Ce dernier a révélé son intention de se porter candidat aux élections présidentielles de mai 2027 ce dimanche 30 août 2026 sur le plateau du journal de «20 Heures» de TF1. Il fallait soigner son attaque. Peut-être plus encore son trac. Et ménager ses effets.

En guise d’entrée en matière, le député de 58 ans s’est offert un lapsus. Pas bien grave. Au contraire. Mais lapsus quand même, confondant le prénom de la journaliste avec un autre. Ainsi, plutôt que de dire : «Bonsoir Anne-Claire Coudray », l’homme politique a lancé un ferme «Bonsoir Anne-Laure Coudray». «Anne-Claire Coudray», l’a corrigé la journaliste. «Eh bien voilà», s’est-il contenté de répondre, cachant à peine son émotion.

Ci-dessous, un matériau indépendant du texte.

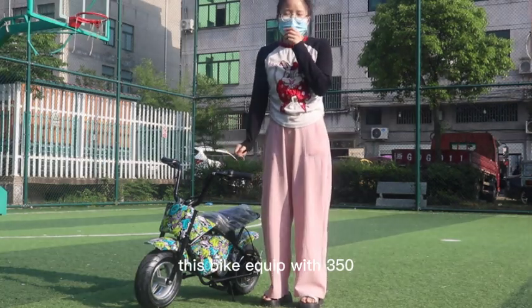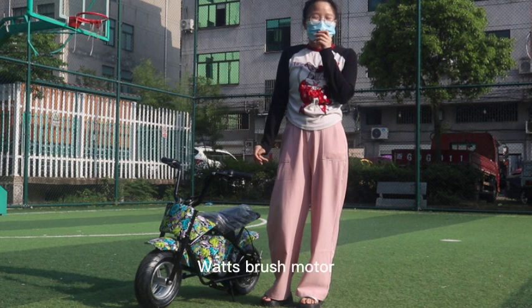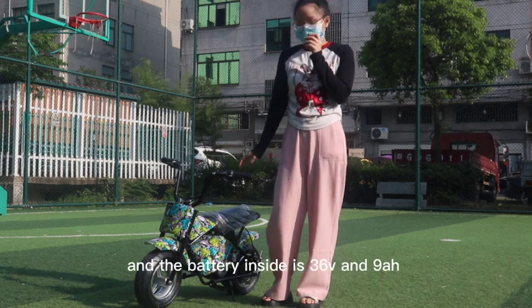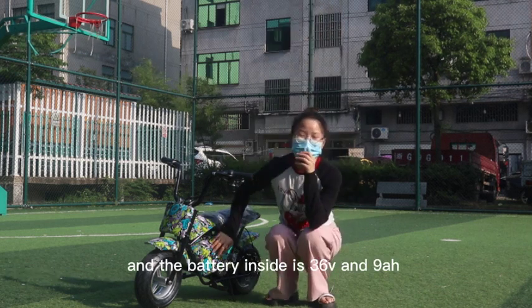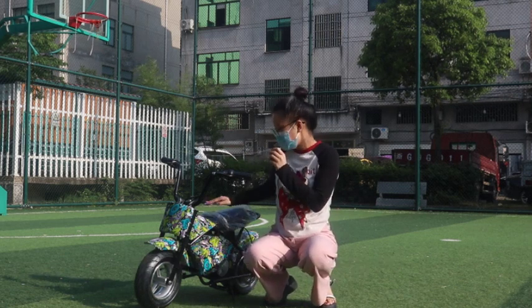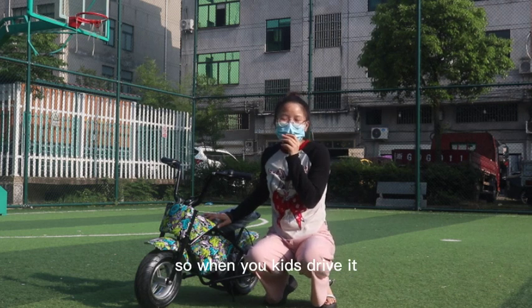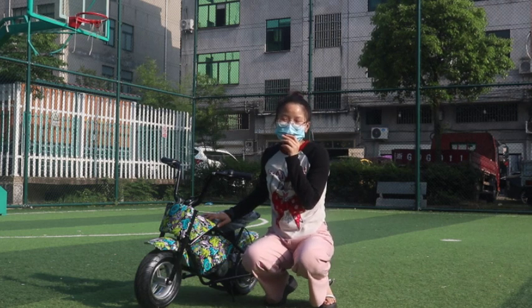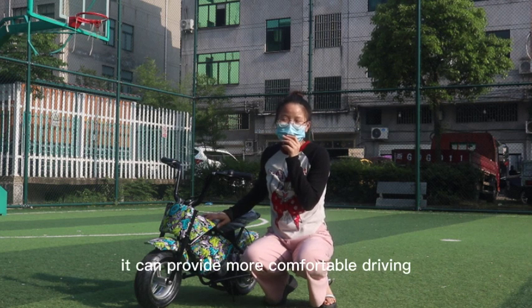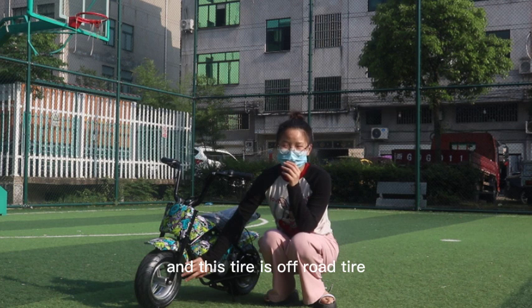This bike is equipped with a 350-watt brushed motor and the battery inside is 36 volt and 9 ampere hours. The seat is very soft, a leather seat, so when kids drive it, it provides more comfortable driving. The tire is an off-road tire.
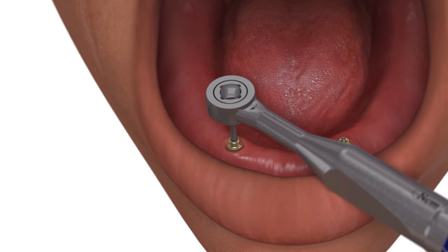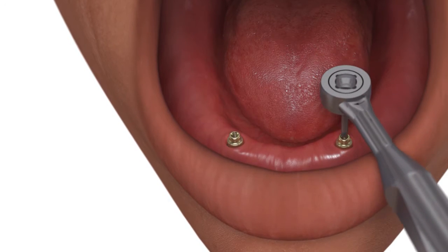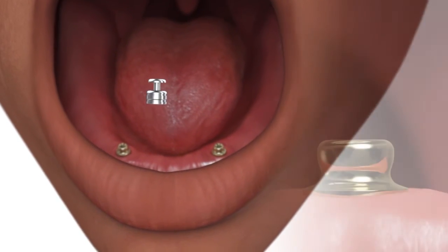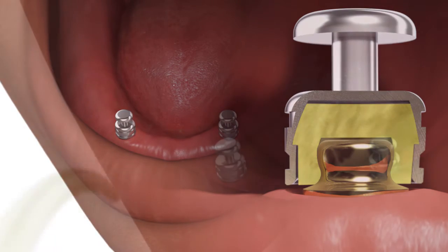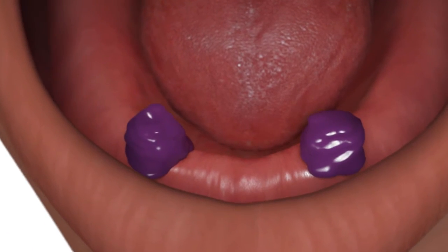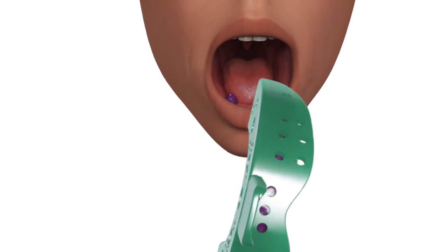Tighten each OD Secure abutment to 30 Newton centimeters using an 050 hex driver and a calibrated torque wrench. Snap an impression coping onto the OD Secure abutment. Step 2: Syringe medium or heavy body material around and over the coping body. Load the impression tray with material and make the impression.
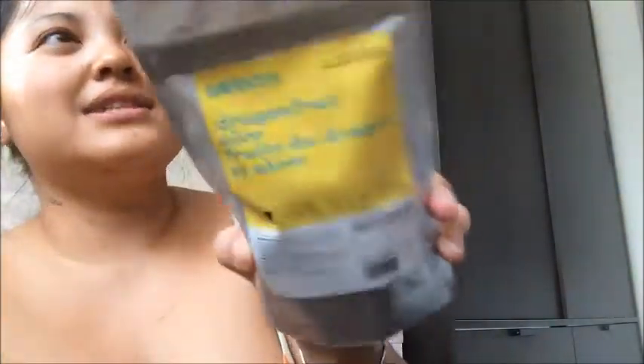I got the frozen raspberry tea — this is so good when you steep it and then put it in the fridge. It's one of my favorite flavors. I also got the dragon fruit aloe — I've heard great things about this one and aloe glow, so I had to get it.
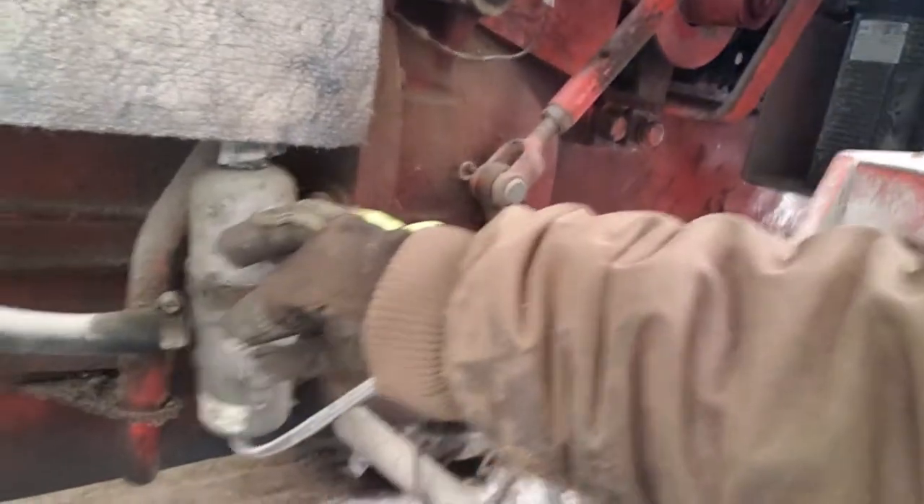Now this tractor here — see this cord? It goes to that. That's a block heater. It heats your block when it's cold out.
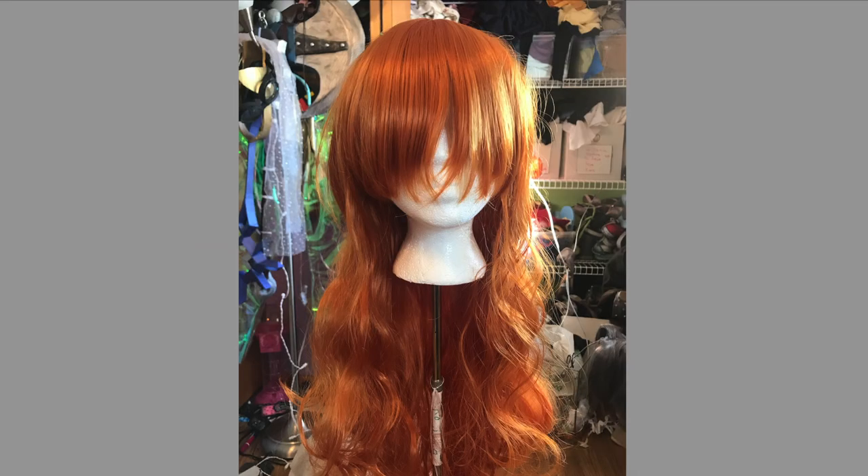Here's the wig I bought off eBay for Athena. It was about $15. You can see the bangs are kind of thin and very long. It's not what I needed it to be, but it was good enough for a base.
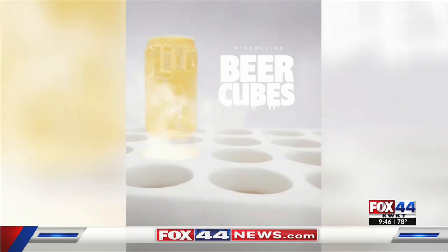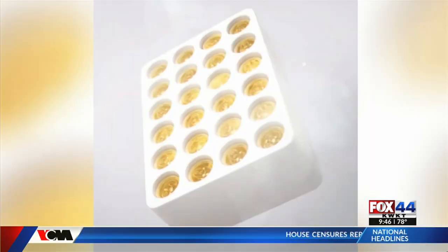Well, if you're tired of your beer getting watered down with ice, Miller Lite is trying to solve that with its new Beer Cubes Tray. The silicone tray can be filled with your favorite Miller Lite beer. It has 24 ice cube spots, and when frozen, the cubes shape into tiny Miller Lite cans.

L’erreur a été bien vite pardonnée. Un sourire de la présentatrice du JT. Et l’homme politique de continuer : «Je le fais parce que je veux porter une France plus juste. (…) les années que nous venons de passer ont été un immense gâchis». Puis d’ajouter : «Parce que j’aime profondément notre pays, je veux tout reconstruire, tout rebâtir, tout réparer».

Olivier Faure n’est pas la première personnalité à l’origine d’un lapsus, d’une erreur de nom, de prénom, d’une langue qui fourche, d’un mot mâché ou écorché. Tant d’autres se sont illustrés avant lui dans ce domaine. On se souvient de la confusion de Rachida Dati entre les mots inflation et fellation ou de celle de Nicolas Sarkozy entre François Baroin et François Bayrou.

S’agissant d’Olivier Faure, reste à savoir qui est Anne-Laure… et s’il sera, ou non, vainqueur de la primaire du Parti socialiste.